Rosenheim – Horst Halsers Geburtstag ist zwar erst am Dienstag, ein vorzeitiges Geschenk haben ihm Rosenheimer Stadtwerke (SWRO) aber schon jetzt gemacht. „Ich freue mich sehr darüber“, sagt der ÖDP-Stadtrat. Seit drei Jahren setzt er sich für Trinkwasserbrunnen ein und hat das Thema immer wieder in den jeweiligen Sitzungen angesprochen.

Jetzt hat es Halser geschafft. In der vergangenen Woche haben die Stadtwerke zwei Trinkwasserbrunnen in Betrieb genommen. Eine neue Edelstahl-Trinkwasserstele steht im Salingarten in der Nähe des Rosenpavillions, die andere im Luitpoldpark. „Das Rosenheimer Trinkwasser hat eine hervorragende Qualität und bietet eine willkommene Erfrischung an heißen Tagen“, sagt Wassermeister Martin Winkler.

15 Trinkwasserbrunnen in der Stadt

Insgesamt stehen 15 öffentliche Trinkwasserbrunnen im Stadtgebiet zur Verfügung. Außerdem sind an sieben öffentlichen Spielplätzen Wasserstellen in Trinkwasserqualität installiert.

Die Stadtwerke fördern aus 35 Metern Tiefe kristallklares, natürliches Grundwasser.

Lesen Sie auch: Horst Halser: „Wir brauchen Trinkbrunnen“

Dieses wird durch ein rund 445 Kilometer langes Rohrnetz in der Region an 10 700 Hausanschlüsse verteilt und versorgt über 80 000 Menschen mit Trinkwasser. Davor ist es bereits viele Kilometer im Untergrund unterwegs, nachdem es als Regen durch verschiedene Bodenschichten gefiltert wurde. Die SWRO speichern das Trinkwasser in zwei Hochbehältern, die 10 820 Kubikmeter fassen, sodass jederzeit genügend Wasser verfügbar ist.

Erster Nachweis: 1450

„Die Wasserversorgung wird als öffentliche und gemeinschaftliche Aufgabe verstanden“, teilen die Stadtwerke mit. Der erste Nachweis der Versorgung Rosenheimer Bürger mit Wasser aus einer Quelle stammt aus dem Jahr 1450. „Rosenheim könnte heute wohl kaum auf eine so reiche Geschichte zurückblicken, wenn die jeweiligen Herrscher nicht genau verstanden hätten, dass reines Trinkwasser Voraussetzung für das Wachsen und Gedeihen der Stadt ist“, sagt Stadtwerke-Geschäftsführer Dr. Götz Brühl.

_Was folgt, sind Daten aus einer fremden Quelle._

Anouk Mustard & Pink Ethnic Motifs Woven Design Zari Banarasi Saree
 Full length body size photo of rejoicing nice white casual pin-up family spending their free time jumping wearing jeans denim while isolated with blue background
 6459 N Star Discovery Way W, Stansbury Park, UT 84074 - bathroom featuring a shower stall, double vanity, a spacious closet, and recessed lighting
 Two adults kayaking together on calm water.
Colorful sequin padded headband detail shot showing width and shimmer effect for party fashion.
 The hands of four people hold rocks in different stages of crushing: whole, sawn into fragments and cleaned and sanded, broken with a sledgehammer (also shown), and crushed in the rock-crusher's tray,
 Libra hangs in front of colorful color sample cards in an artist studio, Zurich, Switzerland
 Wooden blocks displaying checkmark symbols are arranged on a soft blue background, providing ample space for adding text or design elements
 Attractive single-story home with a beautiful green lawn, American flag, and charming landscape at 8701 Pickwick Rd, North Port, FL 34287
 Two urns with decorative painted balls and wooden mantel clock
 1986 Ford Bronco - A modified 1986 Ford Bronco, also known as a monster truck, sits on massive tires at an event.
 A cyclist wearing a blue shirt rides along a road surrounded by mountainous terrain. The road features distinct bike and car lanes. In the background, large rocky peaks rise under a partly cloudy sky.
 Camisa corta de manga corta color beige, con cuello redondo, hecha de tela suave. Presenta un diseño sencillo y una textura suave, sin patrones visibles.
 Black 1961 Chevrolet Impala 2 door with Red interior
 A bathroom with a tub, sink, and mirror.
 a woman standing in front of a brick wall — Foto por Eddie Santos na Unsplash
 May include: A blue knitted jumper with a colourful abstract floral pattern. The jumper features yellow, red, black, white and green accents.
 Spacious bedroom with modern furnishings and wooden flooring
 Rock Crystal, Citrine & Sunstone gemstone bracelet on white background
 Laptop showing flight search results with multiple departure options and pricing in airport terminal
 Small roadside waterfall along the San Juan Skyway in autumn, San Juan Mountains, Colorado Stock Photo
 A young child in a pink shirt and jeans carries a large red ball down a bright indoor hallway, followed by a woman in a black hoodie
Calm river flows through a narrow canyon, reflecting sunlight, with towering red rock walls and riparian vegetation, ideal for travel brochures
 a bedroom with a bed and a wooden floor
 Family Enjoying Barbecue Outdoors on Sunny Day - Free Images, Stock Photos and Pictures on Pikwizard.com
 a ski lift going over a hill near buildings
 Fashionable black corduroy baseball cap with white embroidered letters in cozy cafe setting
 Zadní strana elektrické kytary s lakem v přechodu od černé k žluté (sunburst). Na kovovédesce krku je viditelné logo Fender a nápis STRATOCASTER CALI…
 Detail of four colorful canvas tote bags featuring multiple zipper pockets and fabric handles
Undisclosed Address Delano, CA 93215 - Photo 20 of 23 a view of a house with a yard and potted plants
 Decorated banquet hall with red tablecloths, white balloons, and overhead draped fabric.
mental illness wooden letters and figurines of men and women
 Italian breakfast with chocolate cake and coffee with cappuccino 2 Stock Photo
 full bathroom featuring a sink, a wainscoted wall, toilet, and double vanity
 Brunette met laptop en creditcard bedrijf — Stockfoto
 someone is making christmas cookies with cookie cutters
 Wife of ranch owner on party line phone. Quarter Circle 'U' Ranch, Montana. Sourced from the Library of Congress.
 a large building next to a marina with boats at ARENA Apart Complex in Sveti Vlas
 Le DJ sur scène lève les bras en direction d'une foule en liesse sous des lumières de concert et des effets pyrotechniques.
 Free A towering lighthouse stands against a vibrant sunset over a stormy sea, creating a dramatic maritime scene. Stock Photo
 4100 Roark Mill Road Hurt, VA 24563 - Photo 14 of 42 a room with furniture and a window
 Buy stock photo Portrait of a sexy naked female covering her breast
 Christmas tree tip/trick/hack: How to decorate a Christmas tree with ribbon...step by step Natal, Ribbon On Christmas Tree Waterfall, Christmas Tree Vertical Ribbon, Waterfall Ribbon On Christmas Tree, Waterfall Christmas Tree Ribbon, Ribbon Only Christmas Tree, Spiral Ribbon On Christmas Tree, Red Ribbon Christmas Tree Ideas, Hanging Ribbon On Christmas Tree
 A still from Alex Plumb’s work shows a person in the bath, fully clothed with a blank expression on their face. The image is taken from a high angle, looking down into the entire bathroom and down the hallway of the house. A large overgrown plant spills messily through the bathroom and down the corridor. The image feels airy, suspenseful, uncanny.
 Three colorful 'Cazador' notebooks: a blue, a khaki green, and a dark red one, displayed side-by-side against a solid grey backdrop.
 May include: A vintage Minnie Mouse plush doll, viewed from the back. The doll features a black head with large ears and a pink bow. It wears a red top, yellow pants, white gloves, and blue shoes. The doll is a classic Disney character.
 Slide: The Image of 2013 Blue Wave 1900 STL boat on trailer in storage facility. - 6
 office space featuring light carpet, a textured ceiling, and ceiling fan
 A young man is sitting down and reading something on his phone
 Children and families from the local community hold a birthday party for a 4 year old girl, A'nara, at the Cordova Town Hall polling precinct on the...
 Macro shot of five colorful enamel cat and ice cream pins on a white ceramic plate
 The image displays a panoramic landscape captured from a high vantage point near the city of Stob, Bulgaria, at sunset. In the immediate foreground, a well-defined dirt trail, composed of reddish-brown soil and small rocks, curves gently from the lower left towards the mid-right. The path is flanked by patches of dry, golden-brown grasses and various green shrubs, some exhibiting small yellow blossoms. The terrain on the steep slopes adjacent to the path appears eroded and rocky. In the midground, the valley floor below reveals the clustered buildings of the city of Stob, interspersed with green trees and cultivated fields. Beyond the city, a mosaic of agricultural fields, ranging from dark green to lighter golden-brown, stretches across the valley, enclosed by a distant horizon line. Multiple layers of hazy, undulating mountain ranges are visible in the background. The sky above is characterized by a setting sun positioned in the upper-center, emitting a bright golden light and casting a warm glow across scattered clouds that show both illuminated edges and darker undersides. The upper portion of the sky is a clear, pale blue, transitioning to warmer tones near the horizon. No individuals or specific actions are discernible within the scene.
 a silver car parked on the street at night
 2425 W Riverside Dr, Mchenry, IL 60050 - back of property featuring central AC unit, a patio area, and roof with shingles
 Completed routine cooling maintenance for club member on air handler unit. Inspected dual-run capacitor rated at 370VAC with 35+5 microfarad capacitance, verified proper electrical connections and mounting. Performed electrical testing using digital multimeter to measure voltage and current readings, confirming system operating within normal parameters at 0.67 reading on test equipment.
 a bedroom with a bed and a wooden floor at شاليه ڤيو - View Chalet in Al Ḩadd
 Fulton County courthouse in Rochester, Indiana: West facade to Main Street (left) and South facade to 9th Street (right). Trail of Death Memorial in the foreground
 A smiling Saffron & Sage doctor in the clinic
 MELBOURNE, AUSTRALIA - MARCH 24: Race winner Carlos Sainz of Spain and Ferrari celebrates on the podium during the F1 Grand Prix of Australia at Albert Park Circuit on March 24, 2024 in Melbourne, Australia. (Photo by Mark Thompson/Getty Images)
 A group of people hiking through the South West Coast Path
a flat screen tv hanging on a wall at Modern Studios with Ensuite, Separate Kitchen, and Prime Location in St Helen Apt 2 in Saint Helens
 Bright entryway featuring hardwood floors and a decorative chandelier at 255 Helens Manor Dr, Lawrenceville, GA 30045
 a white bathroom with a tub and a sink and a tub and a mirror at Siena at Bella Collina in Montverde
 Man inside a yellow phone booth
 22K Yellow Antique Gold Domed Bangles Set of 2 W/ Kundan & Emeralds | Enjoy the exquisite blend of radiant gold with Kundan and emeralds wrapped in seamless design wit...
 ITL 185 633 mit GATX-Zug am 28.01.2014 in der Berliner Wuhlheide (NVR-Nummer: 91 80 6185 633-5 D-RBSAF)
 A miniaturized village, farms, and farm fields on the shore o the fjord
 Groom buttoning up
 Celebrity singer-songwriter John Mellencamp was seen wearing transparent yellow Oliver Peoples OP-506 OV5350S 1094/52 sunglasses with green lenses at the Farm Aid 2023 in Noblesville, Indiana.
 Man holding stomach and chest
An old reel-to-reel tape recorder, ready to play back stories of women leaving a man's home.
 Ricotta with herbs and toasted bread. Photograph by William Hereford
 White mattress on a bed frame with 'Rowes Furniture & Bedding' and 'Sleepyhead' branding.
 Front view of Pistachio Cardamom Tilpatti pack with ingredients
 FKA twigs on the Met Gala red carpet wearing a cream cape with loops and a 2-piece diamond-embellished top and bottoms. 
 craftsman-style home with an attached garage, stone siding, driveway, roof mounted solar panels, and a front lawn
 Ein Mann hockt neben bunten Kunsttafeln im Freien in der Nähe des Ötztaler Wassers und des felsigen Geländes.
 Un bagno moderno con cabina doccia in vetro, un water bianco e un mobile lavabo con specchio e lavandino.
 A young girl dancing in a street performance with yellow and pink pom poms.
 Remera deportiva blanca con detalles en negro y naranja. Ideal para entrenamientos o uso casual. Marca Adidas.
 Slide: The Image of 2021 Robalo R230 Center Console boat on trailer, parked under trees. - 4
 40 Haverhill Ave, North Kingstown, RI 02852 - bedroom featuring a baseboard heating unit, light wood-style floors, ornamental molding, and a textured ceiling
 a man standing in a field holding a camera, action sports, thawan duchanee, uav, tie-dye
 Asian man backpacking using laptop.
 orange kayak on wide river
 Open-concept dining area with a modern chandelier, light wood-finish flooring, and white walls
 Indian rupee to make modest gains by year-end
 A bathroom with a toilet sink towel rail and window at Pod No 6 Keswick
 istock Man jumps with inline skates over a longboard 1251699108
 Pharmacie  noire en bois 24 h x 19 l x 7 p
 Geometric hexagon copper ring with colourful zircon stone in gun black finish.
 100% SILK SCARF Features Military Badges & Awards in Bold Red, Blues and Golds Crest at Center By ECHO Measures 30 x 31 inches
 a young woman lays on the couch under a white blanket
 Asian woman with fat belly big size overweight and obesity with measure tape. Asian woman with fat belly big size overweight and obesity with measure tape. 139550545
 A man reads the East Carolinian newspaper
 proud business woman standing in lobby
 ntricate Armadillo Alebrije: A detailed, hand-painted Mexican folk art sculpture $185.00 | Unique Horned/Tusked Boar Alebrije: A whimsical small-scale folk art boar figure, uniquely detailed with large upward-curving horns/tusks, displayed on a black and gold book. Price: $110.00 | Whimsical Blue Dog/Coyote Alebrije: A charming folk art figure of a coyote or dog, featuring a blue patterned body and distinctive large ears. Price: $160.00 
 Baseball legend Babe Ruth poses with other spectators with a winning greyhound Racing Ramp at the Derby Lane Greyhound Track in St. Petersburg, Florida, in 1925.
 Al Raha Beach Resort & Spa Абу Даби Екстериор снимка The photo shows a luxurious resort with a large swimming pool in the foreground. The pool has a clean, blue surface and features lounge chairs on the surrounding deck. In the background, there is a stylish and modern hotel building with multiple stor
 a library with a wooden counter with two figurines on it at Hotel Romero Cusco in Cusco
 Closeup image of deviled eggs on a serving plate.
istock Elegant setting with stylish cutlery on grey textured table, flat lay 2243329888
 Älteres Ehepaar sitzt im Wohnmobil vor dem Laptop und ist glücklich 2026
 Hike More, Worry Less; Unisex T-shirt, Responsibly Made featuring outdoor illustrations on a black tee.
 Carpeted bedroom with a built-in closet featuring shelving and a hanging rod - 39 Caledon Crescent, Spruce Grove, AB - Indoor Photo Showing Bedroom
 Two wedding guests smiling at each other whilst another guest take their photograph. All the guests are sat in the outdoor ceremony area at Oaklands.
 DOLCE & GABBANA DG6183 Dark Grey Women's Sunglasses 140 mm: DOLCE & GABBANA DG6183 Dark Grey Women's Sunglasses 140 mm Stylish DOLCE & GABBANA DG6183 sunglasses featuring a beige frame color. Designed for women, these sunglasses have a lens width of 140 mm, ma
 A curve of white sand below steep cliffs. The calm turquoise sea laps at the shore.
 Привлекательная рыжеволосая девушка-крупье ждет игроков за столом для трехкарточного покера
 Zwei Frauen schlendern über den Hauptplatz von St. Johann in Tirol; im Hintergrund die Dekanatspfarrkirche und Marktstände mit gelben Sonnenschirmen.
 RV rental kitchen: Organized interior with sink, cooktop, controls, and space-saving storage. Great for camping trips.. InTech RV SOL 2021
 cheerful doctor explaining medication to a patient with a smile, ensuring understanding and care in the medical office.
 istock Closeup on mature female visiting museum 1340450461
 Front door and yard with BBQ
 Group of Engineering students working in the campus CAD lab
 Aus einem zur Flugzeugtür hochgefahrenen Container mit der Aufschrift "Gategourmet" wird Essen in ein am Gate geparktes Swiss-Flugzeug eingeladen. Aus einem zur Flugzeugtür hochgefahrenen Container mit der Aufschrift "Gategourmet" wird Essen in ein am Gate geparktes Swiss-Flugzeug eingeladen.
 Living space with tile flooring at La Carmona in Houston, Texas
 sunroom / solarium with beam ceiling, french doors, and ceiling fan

Eigenes Labor für Mikrobiologie

Seit 1985 verfügen die Stadtwerke nach eigener Aussage über ein eigenes Labor für Mikrobiologie. Das ermöglicht die Analyse des Trinkwassers vor Ort in regelmäßigen Abständen. Dadurch könne sichergestellt werden, dass die Bürger immer mit sauberem Wasser versorgt werden.